Australia’s own Hollywood film star Hugh Jackman is the ultimate in masculine good looks and confidence.


Which is why he is a perfect ambassador for RUOK? day, proving that confidence and masculinity can go hand in hand with sensitivity and vulnerability.


While Hugh gives his time to many causes, this is one that is close to his heart.


“I’m really inspired by what was created with RUOK? Day, because I think staying connected is one thing but it’s easy to take people for granted because you see them every day—they all seem fine and you don’t know when someone
is struggling,” he reflects.


And this is where Hugh feels that RUOK? Day makes a real difference.


“We can all put on a brave face that everything’s OK, when it’s not. Sometimes just a friend coming up to you and saying, ‘Is everything good, mate? RUOK?’ can open up the opportunity for people to talk about what’s going on. It’s a simple thing but a valuable thing,” Hugh says.


While to our eyes he may seem to be the most successful Australian Hollywood actor in recent times, Hugh has had his own share of bad news that could have knocked him sideways.


In 2003 he took on the role of legendary Australian entertainer Peter Allen in the musical The Boy From Oz.

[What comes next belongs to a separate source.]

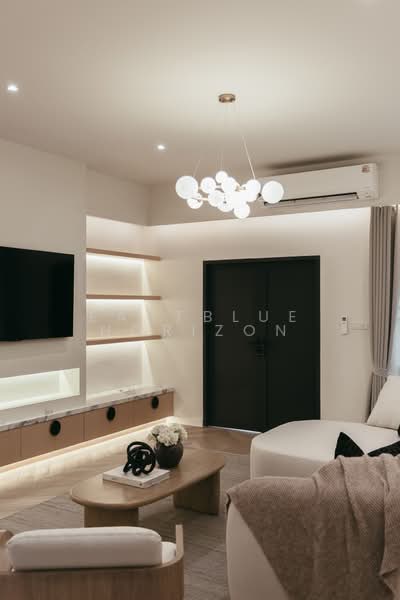 Regent 71 Place, Bangkok, Phra Kanong Nua, Watthana, Bangkok, 5 Bedrooms, 350 sqm, Townhouse For Sale, by Eastblue Horizon, 500418131 - DDproperty.com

While the show went on to enormous success, including a Tony award for Hugh and a long run, the initial reviews were dreadful—The New York Times dubbed it “an indisputably bogus show” with the New York Magazine describing Hugh’s performance as lacking “spark, vivacity or joy”.


“We got killed in the reviews. Scathing! Like ‘This is the worst show…ever’!” Hugh told Men’s Fitness magazine.

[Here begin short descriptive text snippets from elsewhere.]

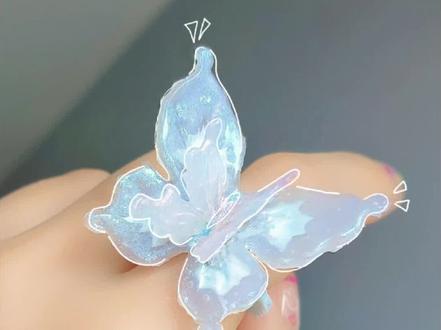 什么这个是拼豆做的。立体蝴蝶戒指#拼豆 #拼豆考研 #拼拼豆 #拼豆新玩法 #拼豆蝴蝶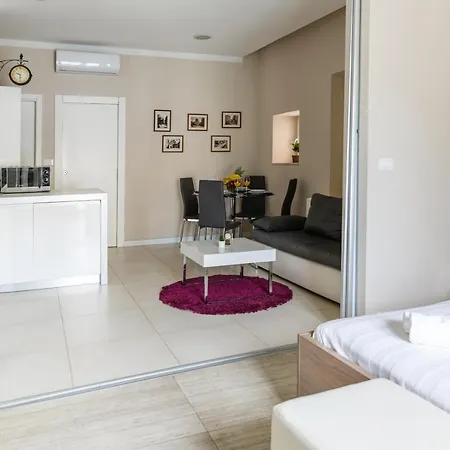 Luxury 4 Star In The Old Town * Zara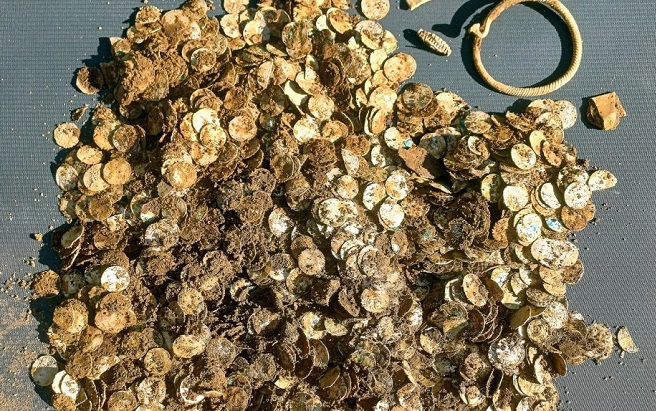 Suomen suurin viikinkiaikainen hopeakolikolöytö löydetty Sysmästä 1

Getting notices like this for a debut can be devastating, but the show became one of Broadway’s triumphs.

Hugh’s desire to help make the world a better place stems from a deep belief.


Hugh is best known for his film roles like Wolverine, and P.T. Barnum in The Greatest Show on Earth, but versatile Hugh was also a hit on London’s West End as Curly in the classic musical Oklahoma! He also provided the voice of Memphis the Emperor Penguin in Happy Feet and Roddy the rat in the film Flushed Away. This is one versatile actor.

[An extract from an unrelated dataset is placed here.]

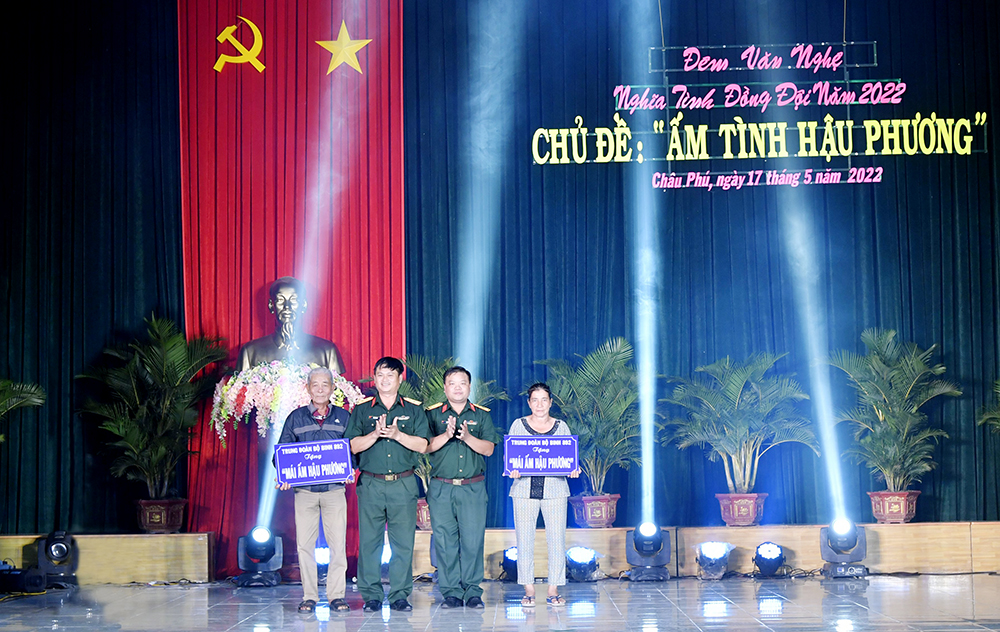Văn nghệ gây quỹ hỗ trợ chiến sĩ mới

But one of his favourite roles was in the Australian television prison drama Corelli in 1995, because that’s where he met his wife of 22 years, actor Debora-lee Furness, who had the lead role. 


“Meeting my wife was the greatest thing to come out of it,” Hugh told Bio­graphy Today.


Hugh’s initial career aim was journalism, and his acting training at the Western Australian Academy of Performing Arts followed his Bachelor of Arts in Communications.


Hugh’s desire to help make the world a better place stems from a deep belief.


“Before I go on stage every night I pause and dedicate the performance to God,” he told Parade.com.


“I’m a Christian—I was brought up with the religious sense of giving back.”


Hugh Jackman is a man who practises what he preaches.